Il faut saluer la publication d’une partie de la correspondance de Svåmi Prajnânpad avec émotion, reconnaissance et respect, et se réjouir comme si l’on apprenait qu’un monument dont la préservation importe à tous et qui risquait de s’enfoncer dans les sables va être sauvé de l’ensevelissement, de l’oubli.

Alors que nous n’avons accès à l’enseignement du Bouddha que par ce qui, de ses paroles, s’est « retransmis » de concile en concile, à l’enseignement d’un Socrate que par ce que Platon tantôt nous en rapporte, tantôt nous dit ce que, lui, en a compris ou même nous rapporte, comme propos du maître, les conclusions qu’il s’est permis d’en tirer, ici nous avons accès directement à l’enseignement d’un maître puisqu’il s’agit de sa parole écrite et donc non soumise aux infléchissements inévitables, aux interprétations que ne pourrait manquer d’y apporter même le disciple le mieux intentionné.

Ces lettres ont ceci de paradoxal et de merveilleux qu’elles sont universelles et personnelles tout à la fois. Personnelles, au point que l’on se sent parfois comme indiscrets de pénétrer dans le jardin secret d’autrui.

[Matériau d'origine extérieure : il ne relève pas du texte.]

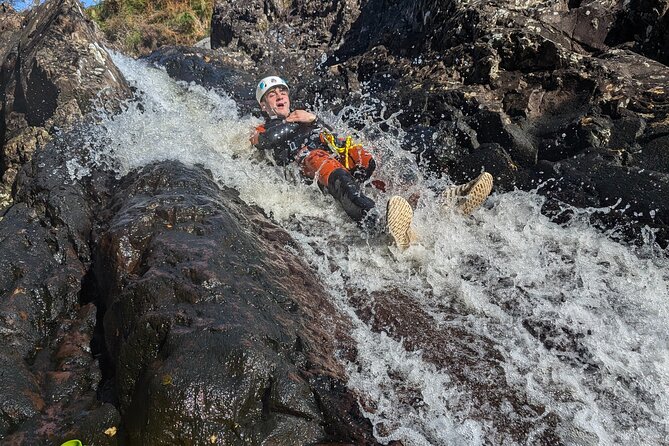 Bruce's Stone Canyoning Adventure. - Getting kitted up: 5mm wetsuit, helmet, and harness seat protection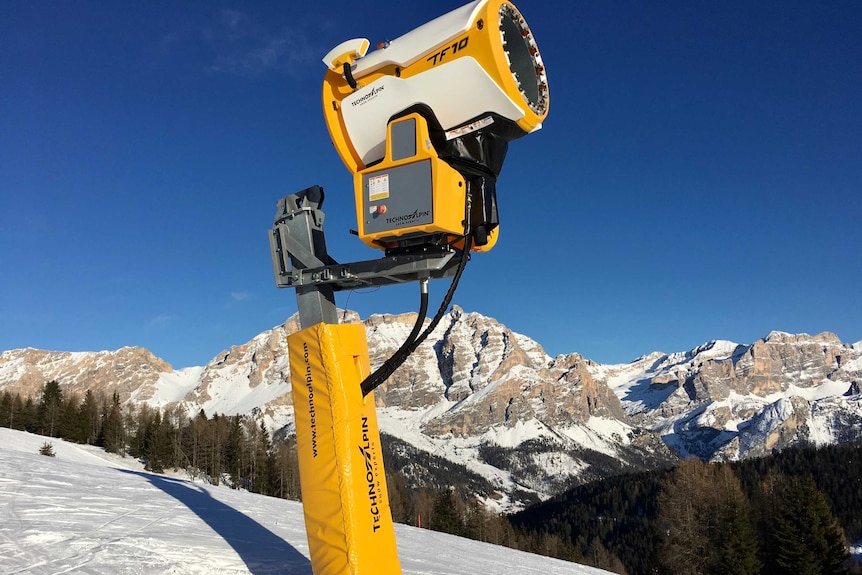 A yellow snow cannon with snowy mountains in the background.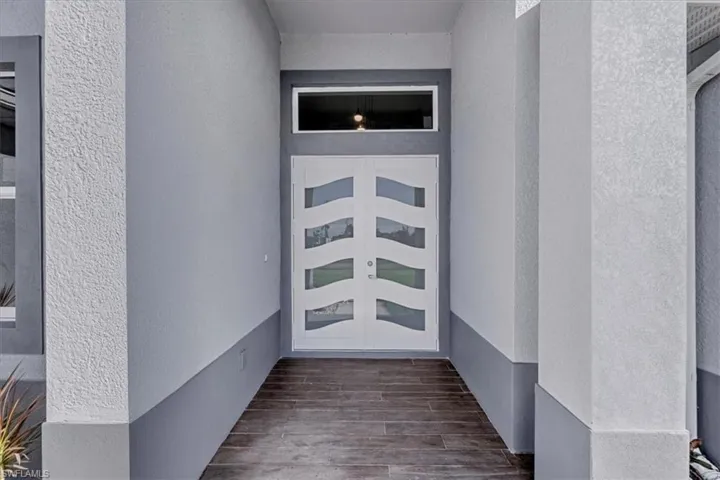 View of exterior entry with stucco siding and french doors
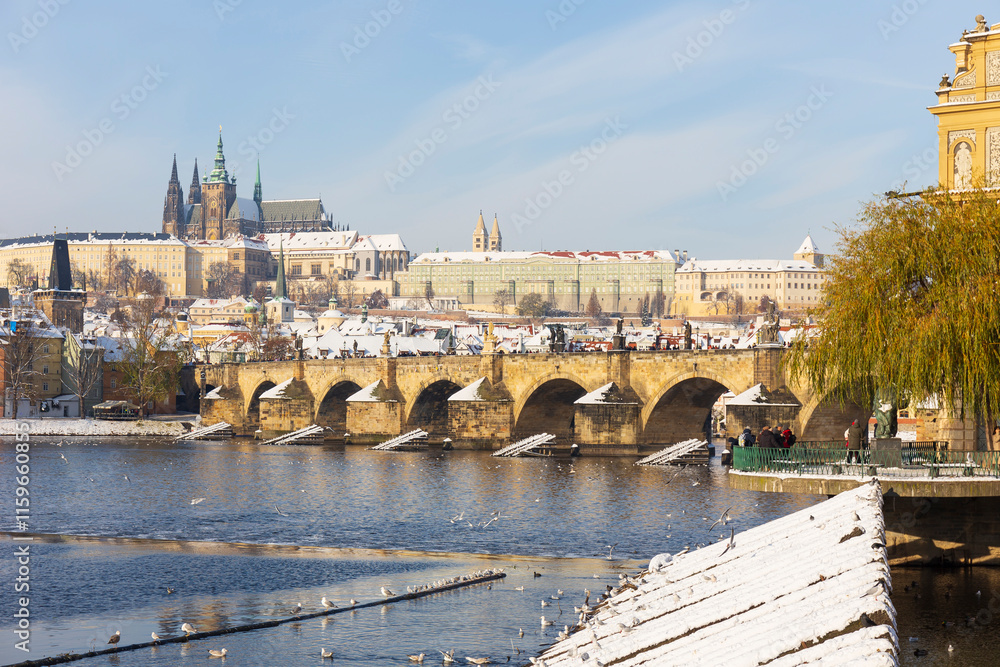 Snowy Prague Lesser Town with Prague Castle above River Vltava, Czech republic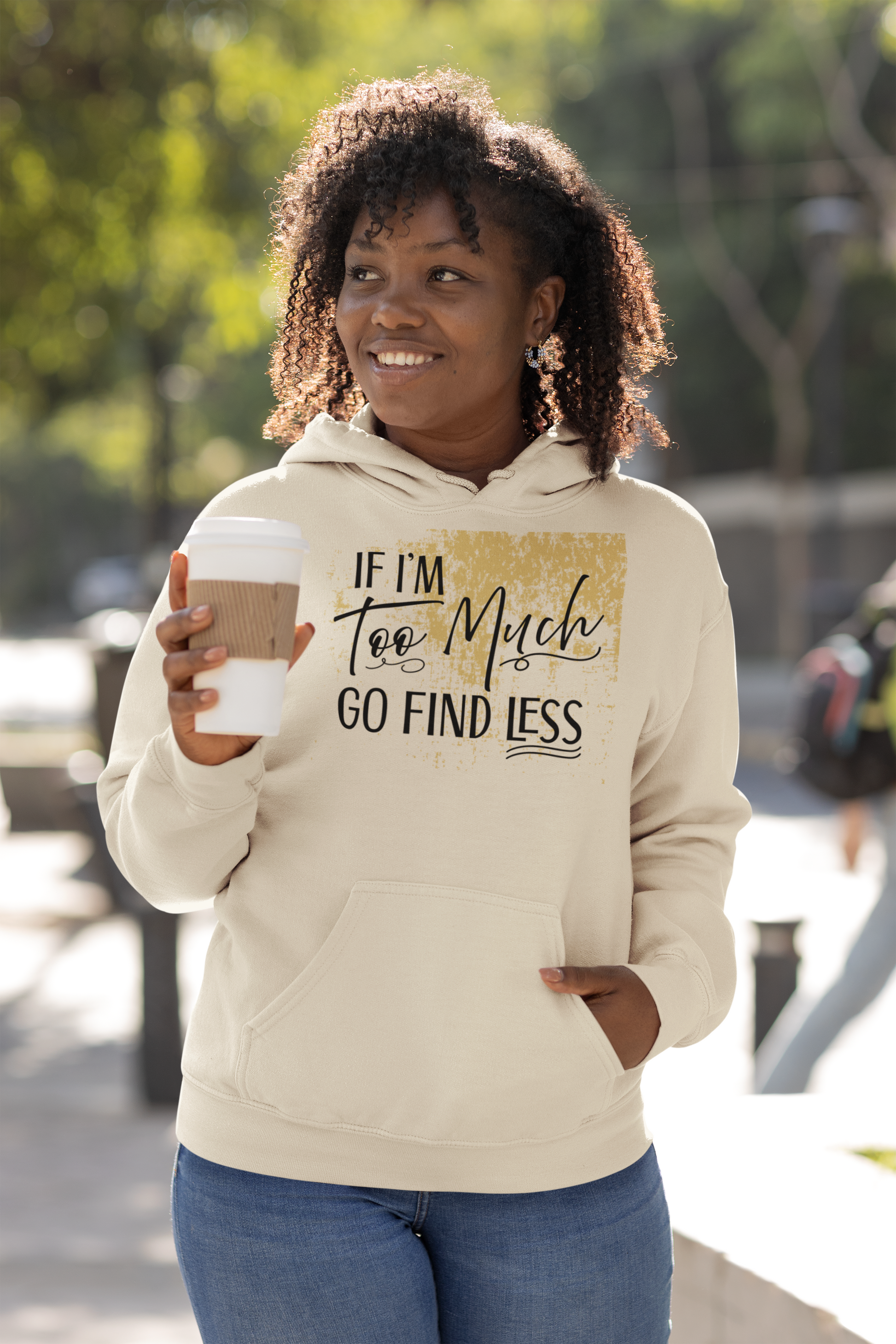 Army green hoodie with gold splatter design and black text reading “If I’m Too Much Go Find Less” by Red Rock Chaos.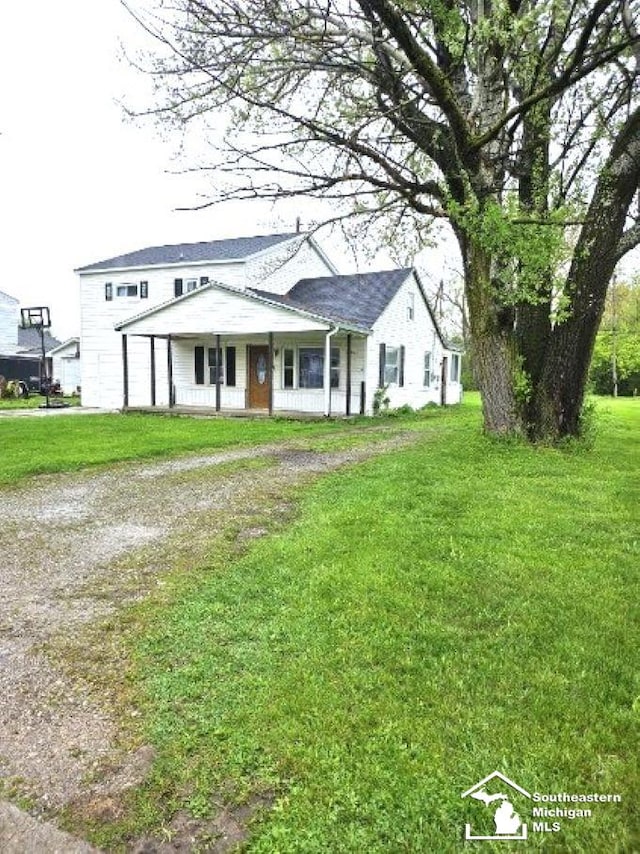 view of front of home featuring a porch, driveway, and a front yard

Universelles, en ce que Svâmiji qui jamais ne prêche ni n’enseigne ex-cathedra, s’adresse à chacun de nous dans notre langage, en se plaçant à notre niveau et n’acceptant de ne discuter que de nos problèmes les plus immédiats, nous oblige, tout en demeurant ancrés dans le concret, à VOIR, si nous avons le courage d’aller au fond des choses, ce que l’on pourrait appeler la nature ultime de la réalité, qu’en général nous nous refusons à percevoir et accepter.

Qu’il me soit permis, à présent, de dire quelques mots sur la difficulté de l’entreprise. Je veux parler de la difficulté de toute traduction. Difficulté qui va croissant quand, d’un texte technique, d’un texte d’information, on passe à un texte littéraire, qui devient presque une gageure, un défi s’il s’agit de poésie et pousse le langage à la limite de ses moyens s’il s’agit d’un enseignement spirituel, lequel par essence tente d’exprimer une vérité qui échappe à la raison et défie le langage.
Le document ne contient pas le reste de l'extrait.